**Data for review**:
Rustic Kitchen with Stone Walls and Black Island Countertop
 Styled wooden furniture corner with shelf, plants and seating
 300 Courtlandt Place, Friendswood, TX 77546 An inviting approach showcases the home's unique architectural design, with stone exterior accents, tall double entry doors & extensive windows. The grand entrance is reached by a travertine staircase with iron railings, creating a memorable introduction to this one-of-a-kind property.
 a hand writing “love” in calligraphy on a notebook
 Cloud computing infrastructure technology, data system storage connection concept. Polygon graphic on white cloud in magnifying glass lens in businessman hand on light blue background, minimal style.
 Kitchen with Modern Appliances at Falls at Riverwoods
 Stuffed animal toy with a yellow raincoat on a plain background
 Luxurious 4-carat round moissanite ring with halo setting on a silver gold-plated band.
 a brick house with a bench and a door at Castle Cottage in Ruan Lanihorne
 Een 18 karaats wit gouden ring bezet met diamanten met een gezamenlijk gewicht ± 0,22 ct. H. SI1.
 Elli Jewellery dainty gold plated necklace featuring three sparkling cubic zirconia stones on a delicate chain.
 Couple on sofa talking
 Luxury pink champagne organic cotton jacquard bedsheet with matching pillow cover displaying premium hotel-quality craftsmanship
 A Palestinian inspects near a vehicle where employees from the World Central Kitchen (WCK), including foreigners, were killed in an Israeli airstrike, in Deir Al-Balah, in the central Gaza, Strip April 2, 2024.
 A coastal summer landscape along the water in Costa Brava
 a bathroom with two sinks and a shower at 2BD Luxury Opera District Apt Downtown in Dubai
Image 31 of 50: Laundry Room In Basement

**What to work on**: An answer is complete only when it holds every line above containing the string "Luxury".

**Written response**:
 Luxury pink champagne organic cotton jacquard bedsheet with matching pillow cover displaying premium hotel-quality craftsmanship
 a bathroom with two sinks and a shower at 2BD Luxury Opera District Apt Downtown in Dubai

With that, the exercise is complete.